Work required :: Without including any pictures, reproduce the full listing exactly.

Provided data ::

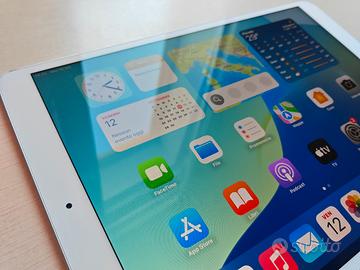 iPad Air 3ª generazione (2019)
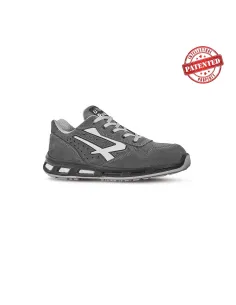 ZAPATILLA GOING ESD S1P SRC U-POWER RL20096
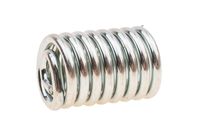 product-compare-56864750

Output for this exercise ::
 iPad Air 3ª generazione (2019)
 ZAPATILLA GOING ESD S1P SRC U-POWER RL20096
 product-compare-56864750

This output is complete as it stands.